WHAT YOU HAVE TO DO: Your response should consist of the full data, set down exactly.

ENTRIES SUPPLIED:
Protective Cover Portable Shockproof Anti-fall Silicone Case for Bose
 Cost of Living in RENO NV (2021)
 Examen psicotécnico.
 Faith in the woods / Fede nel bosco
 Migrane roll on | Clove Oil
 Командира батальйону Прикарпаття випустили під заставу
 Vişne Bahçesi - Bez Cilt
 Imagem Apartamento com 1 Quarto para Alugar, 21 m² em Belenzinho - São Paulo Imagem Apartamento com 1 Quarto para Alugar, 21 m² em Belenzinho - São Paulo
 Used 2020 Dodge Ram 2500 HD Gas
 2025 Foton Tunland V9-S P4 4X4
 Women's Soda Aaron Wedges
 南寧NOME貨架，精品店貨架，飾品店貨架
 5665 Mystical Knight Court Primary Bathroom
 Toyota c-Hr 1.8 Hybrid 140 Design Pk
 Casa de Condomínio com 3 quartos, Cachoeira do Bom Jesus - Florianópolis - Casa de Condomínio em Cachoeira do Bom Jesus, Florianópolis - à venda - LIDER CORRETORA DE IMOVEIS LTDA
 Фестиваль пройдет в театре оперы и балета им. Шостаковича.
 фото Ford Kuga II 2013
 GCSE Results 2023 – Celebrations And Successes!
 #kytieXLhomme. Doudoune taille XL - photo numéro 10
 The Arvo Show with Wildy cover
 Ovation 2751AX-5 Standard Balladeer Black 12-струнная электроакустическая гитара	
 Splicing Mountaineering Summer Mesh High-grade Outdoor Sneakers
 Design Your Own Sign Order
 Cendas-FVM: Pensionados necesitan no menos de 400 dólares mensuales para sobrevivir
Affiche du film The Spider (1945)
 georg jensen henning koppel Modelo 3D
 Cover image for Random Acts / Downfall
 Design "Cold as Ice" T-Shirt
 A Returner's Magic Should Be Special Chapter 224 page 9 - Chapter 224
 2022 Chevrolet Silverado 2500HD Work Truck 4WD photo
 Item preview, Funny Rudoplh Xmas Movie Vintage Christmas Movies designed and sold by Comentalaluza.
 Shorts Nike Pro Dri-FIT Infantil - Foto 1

SOLUTION TO THE PROBLEM:
Protective Cover Portable Shockproof Anti-fall Silicone Case for Bose
 Cost of Living in RENO NV (2021)
 Examen psicotécnico.
 Faith in the woods / Fede nel bosco
 Migrane roll on | Clove Oil
 Командира батальйону Прикарпаття випустили під заставу
 Vişne Bahçesi - Bez Cilt
 Imagem Apartamento com 1 Quarto para Alugar, 21 m² em Belenzinho - São Paulo Imagem Apartamento com 1 Quarto para Alugar, 21 m² em Belenzinho - São Paulo
 Used 2020 Dodge Ram 2500 HD Gas
 2025 Foton Tunland V9-S P4 4X4
 Women's Soda Aaron Wedges
 南寧NOME貨架，精品店貨架，飾品店貨架
 5665 Mystical Knight Court Primary Bathroom
 Toyota c-Hr 1.8 Hybrid 140 Design Pk
 Casa de Condomínio com 3 quartos, Cachoeira do Bom Jesus - Florianópolis - Casa de Condomínio em Cachoeira do Bom Jesus, Florianópolis - à venda - LIDER CORRETORA DE IMOVEIS LTDA
 Фестиваль пройдет в театре оперы и балета им. Шостаковича.
 фото Ford Kuga II 2013
 GCSE Results 2023 – Celebrations And Successes!
 #kytieXLhomme. Doudoune taille XL - photo numéro 10
 The Arvo Show with Wildy cover
 Ovation 2751AX-5 Standard Balladeer Black 12-струнная электроакустическая гитара	
 Splicing Mountaineering Summer Mesh High-grade Outdoor Sneakers
 Design Your Own Sign Order
 Cendas-FVM: Pensionados necesitan no menos de 400 dólares mensuales para sobrevivir
Affiche du film The Spider (1945)
 georg jensen henning koppel Modelo 3D
 Cover image for Random Acts / Downfall
 Design "Cold as Ice" T-Shirt
 A Returner's Magic Should Be Special Chapter 224 page 9 - Chapter 224
 2022 Chevrolet Silverado 2500HD Work Truck 4WD photo
 Item preview, Funny Rudoplh Xmas Movie Vintage Christmas Movies designed and sold by Comentalaluza.
 Shorts Nike Pro Dri-FIT Infantil - Foto 1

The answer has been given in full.